(Provided data)

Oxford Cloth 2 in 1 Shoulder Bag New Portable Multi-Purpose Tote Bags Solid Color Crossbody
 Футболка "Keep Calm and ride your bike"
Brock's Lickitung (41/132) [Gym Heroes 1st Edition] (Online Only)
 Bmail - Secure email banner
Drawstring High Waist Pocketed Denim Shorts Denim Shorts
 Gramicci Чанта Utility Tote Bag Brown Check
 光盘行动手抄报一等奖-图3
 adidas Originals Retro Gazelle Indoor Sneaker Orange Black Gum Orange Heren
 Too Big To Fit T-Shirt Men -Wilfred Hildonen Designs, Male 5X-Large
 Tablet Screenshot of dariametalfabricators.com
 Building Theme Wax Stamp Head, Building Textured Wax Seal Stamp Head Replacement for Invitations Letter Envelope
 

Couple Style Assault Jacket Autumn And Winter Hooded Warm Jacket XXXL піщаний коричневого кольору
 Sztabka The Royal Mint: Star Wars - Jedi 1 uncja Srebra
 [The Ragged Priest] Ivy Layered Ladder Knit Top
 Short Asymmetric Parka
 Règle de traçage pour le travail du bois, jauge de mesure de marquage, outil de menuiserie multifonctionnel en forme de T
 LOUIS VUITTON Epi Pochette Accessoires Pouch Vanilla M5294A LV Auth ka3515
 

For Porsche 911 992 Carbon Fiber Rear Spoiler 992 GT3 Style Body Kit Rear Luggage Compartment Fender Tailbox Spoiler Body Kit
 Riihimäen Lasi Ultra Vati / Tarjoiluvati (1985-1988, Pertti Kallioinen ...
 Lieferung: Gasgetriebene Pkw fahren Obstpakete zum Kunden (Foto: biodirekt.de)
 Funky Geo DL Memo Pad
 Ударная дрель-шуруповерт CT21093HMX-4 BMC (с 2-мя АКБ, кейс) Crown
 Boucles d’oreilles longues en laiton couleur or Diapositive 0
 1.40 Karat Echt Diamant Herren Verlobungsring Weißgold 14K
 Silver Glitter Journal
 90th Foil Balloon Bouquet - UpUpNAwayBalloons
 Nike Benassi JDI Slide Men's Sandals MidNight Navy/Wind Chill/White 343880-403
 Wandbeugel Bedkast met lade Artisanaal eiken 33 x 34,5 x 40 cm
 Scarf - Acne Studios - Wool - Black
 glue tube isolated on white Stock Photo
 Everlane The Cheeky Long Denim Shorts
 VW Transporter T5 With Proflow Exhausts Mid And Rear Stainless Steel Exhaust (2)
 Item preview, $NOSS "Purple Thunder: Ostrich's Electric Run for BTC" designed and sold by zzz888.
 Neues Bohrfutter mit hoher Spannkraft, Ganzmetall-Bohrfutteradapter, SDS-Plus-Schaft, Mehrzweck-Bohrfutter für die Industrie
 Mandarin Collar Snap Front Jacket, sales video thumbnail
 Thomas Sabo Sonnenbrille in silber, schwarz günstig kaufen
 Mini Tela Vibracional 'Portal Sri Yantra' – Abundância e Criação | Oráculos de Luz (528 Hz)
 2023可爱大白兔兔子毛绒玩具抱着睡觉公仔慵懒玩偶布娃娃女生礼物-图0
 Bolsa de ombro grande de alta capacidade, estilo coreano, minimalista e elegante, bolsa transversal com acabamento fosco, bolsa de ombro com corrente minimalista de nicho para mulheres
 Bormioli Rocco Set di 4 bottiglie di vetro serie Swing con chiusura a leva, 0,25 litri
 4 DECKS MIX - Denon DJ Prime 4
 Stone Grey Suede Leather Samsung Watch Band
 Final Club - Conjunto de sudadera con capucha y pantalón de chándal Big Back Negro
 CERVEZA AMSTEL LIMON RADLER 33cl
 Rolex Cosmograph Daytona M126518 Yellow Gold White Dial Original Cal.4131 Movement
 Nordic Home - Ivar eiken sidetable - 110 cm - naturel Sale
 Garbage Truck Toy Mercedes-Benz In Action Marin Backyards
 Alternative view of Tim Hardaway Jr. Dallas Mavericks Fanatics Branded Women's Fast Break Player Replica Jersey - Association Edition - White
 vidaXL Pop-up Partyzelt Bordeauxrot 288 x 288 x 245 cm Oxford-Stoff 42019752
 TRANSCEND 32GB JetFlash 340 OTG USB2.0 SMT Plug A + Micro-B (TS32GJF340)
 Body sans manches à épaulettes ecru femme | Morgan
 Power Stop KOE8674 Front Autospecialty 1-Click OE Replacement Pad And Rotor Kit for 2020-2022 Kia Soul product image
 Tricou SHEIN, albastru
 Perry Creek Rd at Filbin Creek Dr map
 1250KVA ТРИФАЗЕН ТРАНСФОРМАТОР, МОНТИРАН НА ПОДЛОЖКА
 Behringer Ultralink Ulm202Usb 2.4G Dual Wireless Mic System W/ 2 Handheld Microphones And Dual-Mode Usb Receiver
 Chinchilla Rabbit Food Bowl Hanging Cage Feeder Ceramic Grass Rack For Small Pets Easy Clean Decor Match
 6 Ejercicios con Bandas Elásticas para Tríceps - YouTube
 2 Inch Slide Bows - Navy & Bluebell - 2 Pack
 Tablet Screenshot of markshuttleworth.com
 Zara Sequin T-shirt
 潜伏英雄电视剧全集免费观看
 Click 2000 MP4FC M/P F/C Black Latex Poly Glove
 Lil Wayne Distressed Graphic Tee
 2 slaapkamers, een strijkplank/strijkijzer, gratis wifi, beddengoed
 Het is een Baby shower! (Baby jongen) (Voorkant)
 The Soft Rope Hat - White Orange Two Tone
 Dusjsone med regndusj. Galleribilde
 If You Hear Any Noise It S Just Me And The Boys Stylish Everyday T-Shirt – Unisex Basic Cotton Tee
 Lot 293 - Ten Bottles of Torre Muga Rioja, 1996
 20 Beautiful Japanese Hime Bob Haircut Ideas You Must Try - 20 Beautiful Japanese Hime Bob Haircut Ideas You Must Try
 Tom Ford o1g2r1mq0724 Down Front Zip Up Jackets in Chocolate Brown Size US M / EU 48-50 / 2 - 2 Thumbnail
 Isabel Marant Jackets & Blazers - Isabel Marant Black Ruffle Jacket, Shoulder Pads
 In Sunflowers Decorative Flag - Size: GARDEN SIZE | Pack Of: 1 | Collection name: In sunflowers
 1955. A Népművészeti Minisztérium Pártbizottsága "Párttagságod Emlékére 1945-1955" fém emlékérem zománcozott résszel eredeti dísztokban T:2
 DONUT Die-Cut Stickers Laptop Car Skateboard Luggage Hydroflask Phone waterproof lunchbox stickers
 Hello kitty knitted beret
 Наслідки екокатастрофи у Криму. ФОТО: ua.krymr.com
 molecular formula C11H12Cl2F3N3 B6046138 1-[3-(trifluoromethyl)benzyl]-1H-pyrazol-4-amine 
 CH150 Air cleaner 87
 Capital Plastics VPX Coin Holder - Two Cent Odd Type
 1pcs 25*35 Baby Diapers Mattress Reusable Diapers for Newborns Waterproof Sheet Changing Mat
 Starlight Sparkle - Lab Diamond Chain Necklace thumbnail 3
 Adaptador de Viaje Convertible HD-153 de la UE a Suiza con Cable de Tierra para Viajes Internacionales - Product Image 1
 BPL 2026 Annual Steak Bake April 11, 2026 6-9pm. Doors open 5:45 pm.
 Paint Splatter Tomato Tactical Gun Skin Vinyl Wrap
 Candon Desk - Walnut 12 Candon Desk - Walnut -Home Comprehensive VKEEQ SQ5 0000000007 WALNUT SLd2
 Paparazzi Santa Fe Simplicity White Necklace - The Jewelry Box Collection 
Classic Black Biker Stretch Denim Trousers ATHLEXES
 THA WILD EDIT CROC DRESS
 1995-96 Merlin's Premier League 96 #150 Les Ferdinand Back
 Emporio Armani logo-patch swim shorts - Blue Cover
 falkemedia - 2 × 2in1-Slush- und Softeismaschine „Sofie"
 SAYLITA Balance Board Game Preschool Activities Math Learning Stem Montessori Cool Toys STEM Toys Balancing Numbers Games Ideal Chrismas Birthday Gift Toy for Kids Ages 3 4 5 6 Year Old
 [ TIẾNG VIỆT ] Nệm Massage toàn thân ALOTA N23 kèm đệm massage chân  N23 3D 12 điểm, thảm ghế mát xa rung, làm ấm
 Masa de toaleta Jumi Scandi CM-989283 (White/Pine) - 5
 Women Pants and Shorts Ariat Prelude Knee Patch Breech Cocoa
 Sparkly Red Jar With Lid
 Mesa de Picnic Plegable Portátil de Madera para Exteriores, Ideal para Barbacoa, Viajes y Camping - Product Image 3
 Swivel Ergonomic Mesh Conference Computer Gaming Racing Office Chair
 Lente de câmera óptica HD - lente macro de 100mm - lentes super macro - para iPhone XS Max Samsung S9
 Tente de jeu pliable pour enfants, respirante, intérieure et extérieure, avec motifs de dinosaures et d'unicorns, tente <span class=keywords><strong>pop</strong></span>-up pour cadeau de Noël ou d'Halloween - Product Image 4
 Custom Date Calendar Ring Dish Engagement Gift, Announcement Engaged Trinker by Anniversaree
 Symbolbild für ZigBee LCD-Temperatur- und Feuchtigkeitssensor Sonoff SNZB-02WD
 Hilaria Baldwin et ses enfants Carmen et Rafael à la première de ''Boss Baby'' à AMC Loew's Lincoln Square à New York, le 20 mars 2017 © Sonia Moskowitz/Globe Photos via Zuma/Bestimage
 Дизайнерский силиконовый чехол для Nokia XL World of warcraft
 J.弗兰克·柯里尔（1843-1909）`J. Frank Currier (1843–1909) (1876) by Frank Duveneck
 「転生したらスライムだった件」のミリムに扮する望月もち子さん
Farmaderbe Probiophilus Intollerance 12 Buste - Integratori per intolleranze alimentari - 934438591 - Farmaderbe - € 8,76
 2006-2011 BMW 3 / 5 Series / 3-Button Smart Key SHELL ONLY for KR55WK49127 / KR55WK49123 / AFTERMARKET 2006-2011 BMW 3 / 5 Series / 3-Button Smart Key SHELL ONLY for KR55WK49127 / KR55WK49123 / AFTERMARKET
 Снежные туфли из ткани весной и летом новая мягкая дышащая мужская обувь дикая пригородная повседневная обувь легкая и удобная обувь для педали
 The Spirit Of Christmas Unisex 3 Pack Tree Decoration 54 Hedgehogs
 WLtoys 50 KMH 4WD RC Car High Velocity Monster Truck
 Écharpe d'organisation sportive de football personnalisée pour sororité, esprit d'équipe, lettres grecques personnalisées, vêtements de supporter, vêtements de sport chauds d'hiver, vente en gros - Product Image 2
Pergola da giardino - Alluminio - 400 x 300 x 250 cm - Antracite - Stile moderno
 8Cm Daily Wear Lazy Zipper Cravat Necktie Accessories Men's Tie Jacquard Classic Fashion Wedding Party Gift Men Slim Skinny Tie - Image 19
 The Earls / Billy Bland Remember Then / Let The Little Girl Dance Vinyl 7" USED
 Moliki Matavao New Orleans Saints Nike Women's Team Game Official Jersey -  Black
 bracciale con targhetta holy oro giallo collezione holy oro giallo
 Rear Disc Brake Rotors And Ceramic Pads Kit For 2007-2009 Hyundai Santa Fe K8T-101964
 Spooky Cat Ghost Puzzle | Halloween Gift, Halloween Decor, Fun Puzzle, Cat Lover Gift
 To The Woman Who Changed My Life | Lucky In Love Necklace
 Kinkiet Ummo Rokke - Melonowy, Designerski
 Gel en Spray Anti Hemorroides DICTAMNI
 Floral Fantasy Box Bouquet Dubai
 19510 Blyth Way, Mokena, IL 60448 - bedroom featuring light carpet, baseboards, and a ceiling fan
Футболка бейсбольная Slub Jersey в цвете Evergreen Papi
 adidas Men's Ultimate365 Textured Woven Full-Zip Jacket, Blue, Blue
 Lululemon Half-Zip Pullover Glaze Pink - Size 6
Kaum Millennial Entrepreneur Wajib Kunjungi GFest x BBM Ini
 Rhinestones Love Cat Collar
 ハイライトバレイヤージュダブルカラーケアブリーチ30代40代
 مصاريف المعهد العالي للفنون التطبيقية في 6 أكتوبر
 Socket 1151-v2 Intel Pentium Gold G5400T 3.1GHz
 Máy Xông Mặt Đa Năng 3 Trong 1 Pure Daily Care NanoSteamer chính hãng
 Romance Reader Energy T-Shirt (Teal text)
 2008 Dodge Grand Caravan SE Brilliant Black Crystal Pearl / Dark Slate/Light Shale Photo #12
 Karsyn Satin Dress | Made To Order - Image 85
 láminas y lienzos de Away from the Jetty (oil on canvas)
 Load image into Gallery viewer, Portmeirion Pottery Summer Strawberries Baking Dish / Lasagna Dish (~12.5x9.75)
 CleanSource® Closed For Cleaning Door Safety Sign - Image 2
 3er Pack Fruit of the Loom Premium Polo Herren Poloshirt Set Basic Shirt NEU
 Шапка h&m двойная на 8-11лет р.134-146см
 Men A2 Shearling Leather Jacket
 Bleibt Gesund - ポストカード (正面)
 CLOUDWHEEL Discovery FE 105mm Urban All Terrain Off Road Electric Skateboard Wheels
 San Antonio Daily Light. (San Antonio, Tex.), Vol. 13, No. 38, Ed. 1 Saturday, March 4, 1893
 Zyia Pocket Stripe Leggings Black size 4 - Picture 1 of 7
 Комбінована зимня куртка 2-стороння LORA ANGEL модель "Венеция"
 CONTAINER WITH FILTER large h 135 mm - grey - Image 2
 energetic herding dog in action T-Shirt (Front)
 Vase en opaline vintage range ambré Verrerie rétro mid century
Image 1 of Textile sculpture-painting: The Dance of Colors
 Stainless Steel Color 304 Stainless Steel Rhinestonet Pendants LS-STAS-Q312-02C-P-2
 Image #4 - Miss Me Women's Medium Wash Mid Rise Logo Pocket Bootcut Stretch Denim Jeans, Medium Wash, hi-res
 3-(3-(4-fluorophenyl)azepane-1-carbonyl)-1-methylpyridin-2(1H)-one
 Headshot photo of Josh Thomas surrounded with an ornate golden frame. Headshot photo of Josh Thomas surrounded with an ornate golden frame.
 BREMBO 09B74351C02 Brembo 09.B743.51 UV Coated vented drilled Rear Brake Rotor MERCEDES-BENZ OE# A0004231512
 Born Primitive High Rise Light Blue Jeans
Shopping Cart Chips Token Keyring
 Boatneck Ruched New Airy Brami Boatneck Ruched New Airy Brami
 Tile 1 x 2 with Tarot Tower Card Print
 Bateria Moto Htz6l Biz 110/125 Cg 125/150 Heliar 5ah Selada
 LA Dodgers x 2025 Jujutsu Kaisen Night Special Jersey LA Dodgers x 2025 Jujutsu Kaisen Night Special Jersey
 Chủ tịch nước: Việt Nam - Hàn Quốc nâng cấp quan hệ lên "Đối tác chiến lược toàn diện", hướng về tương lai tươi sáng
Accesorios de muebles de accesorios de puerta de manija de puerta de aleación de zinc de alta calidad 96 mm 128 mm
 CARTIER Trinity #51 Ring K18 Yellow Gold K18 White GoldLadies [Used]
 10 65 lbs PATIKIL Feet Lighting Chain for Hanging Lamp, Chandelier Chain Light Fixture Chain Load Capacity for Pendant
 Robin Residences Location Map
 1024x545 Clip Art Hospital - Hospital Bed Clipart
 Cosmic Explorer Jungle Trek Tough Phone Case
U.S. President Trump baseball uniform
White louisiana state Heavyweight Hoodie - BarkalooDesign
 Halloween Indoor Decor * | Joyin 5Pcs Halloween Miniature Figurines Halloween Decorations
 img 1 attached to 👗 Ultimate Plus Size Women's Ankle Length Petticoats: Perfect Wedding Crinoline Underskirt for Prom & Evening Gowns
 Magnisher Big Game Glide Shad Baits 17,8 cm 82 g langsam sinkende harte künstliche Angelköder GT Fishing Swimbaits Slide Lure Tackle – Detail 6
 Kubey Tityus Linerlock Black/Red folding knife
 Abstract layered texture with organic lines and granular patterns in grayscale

(End Provided data)

_Exercise brief_. Please transcribe exactly the lines above from the line that has "Emporio Armani logo-patch" up to and including the line that has "[ TIẾNG VIỆT"; no other line belongs in the answer.

_Result_.
 Emporio Armani logo-patch swim shorts - Blue Cover
 falkemedia - 2 × 2in1-Slush- und Softeismaschine „Sofie"
 SAYLITA Balance Board Game Preschool Activities Math Learning Stem Montessori Cool Toys STEM Toys Balancing Numbers Games Ideal Chrismas Birthday Gift Toy for Kids Ages 3 4 5 6 Year Old
 [ TIẾNG VIỆT ] Nệm Massage toàn thân ALOTA N23 kèm đệm massage chân  N23 3D 12 điểm, thảm ghế mát xa rung, làm ấm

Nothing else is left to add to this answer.